Amanda Hess at Slate recently reminded me that I had meant to read Elizabeth A. Armstrong and Laura T. Hamilton's longitudinal, ethnographic study of a cohort of undergraduate women, Paying for the Party: How College Maintains Inequality (Harvard Univ. Press, 2013). Armstrong and Hamilton's research team spent a year in residence at "Midwest University" living with a group of first-year women assigned to one of the school's party dorms; they continued to follow the cohort on their floor for five years -- the typical four years to degree and one year after. What began as a study of young women's sexual agency at a large public university quickly turned into a study of class, and how strongly pre-existing socioeconomic conditions in the lives of each student determined her trajectory through college and into her immediate post-college circumstances. Hess' article at Slate highlights some of what the research team did discover about the sexualization of college women during their work; Paying for the Party delves into the class issues that define many young women's path through university.

The central thesis of Party is that undergraduates at large state universities (the researchers hesitate to generalize from a single case study) are constrained by the available cultures of their schools -- and often the specific dorms to which they are assigned -- in ways that limit the ability of less privileged students to utilize college as a tool for class mobility.

What the researchers found was that the majority of students entered MU on course to take one of three readily-available "pathways" through the college years: the party pathway, the professional pathway, and the mobility pathway. The researchers acknowledge that other pathways exist, both at MU and elsewhere, but for the cohort they studied, these were the three dominant ways of approaching college. The dominant pathway was the "party" pathway; the elite and upper-middle-class women of the cohort arrived on campus with plans to strengthen their already-privileged social networks through the Greek system, tracked to areas of study that facilitated this way of life, and left college with low GPAs and degrees that would have been useless without their high-powered family connections and financial resources. Less privileged women who attempted to access the party pathway typically suffered a high loss of resources and low return. The party pathway also ruthlessly policed the performance of femininity according to a very specific set of elite standards which required money and time to cultivate and maintain.

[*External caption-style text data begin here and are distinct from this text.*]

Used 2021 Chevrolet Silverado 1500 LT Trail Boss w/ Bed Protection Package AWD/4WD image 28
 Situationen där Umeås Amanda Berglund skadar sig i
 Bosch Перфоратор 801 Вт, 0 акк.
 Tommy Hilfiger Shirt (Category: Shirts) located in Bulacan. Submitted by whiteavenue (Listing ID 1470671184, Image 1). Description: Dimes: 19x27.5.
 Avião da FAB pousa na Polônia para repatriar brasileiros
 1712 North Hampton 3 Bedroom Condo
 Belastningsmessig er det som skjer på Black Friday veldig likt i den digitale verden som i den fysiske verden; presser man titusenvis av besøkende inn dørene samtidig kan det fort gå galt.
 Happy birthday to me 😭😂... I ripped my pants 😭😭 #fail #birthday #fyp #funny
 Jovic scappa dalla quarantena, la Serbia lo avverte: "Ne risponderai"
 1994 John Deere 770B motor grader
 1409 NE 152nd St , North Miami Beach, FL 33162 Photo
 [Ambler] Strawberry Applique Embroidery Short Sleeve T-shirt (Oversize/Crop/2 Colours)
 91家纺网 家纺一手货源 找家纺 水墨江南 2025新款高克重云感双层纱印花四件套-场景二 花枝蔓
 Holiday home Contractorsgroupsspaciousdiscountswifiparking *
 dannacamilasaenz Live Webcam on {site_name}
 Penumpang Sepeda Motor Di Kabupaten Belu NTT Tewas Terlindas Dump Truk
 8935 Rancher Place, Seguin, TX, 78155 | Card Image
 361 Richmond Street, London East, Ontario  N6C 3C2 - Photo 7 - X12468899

In addition to the struggles of women on the party pathway who were unable to compete with the elite partiers in terms of time, resources, social connections, and conventional beauty, Paying for the Party also chronicles the way the party pathway culture encroaches on those beyond its borders. Even women who tried to follow the professional or mobility pathway found their efforts stymied by the dominant party cohort. The researchers argue that non-elite students need more robust support for non-party alternatives in order for college to be both cost effective and life enhancing.

There are limitations to the study. For example, I couldn't help but feel that even taking broad social categories into account, the party/professional/mobility pathways schema left out crucial segments of the undergrad population. Perhaps because the research team chose a "party" dorm, or perhaps because they were at a land grant research university instead of a liberal arts college, they failed to identify the pathway that I and many of my closest friends were on: What I might call the "how to live" pathway. This is the pathway that treats learning as a goal in and of itself, and self-knowledge -- as well as wider horizons -- as a valuable part of the college experience on par with skill acquisition/job training. And it's not a pathway exclusively available to the rich; I know students across the economic spectrum who used college as a step-stone to a meaningful life (not necessarily a well-heeled one). Armstrong and Hamilton hint at such rewards toward the end of the book when they profile a student who had limited economic resources, struggled in school, and yet one year after graduating is building a meaningful life for herself working as a ski instructor and living with her partner in the wilderness setting that drew them together.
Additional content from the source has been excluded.